--- Record set ---

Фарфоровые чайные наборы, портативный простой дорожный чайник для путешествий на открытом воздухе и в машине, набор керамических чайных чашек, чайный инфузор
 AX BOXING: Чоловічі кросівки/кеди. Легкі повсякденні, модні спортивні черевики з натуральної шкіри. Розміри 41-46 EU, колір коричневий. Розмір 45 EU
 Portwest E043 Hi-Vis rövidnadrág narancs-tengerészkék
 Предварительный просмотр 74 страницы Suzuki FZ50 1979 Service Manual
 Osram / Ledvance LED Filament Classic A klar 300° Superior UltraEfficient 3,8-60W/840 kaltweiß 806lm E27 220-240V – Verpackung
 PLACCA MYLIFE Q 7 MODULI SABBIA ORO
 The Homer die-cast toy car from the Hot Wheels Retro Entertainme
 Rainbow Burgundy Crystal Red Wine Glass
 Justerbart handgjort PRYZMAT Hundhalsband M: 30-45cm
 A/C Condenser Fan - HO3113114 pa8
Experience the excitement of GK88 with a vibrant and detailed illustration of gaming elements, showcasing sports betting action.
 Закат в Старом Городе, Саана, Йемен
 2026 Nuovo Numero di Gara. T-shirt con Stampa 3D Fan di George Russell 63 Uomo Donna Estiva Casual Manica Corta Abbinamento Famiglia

---

__Exercise objective__. Starting with the line that contains "AX BOXING: Чоловічі", copy each line through the end of the data exactly, and leave out all earlier lines.

__Written answer__.
 AX BOXING: Чоловічі кросівки/кеди. Легкі повсякденні, модні спортивні черевики з натуральної шкіри. Розміри 41-46 EU, колір коричневий. Розмір 45 EU
 Portwest E043 Hi-Vis rövidnadrág narancs-tengerészkék
 Предварительный просмотр 74 страницы Suzuki FZ50 1979 Service Manual
 Osram / Ledvance LED Filament Classic A klar 300° Superior UltraEfficient 3,8-60W/840 kaltweiß 806lm E27 220-240V – Verpackung
 PLACCA MYLIFE Q 7 MODULI SABBIA ORO
 The Homer die-cast toy car from the Hot Wheels Retro Entertainme
 Rainbow Burgundy Crystal Red Wine Glass
 Justerbart handgjort PRYZMAT Hundhalsband M: 30-45cm
 A/C Condenser Fan - HO3113114 pa8
Experience the excitement of GK88 with a vibrant and detailed illustration of gaming elements, showcasing sports betting action.
 Закат в Старом Городе, Саана, Йемен
 2026 Nuovo Numero di Gara. T-shirt con Stampa 3D Fan di George Russell 63 Uomo Donna Estiva Casual Manica Corta Abbinamento Famiglia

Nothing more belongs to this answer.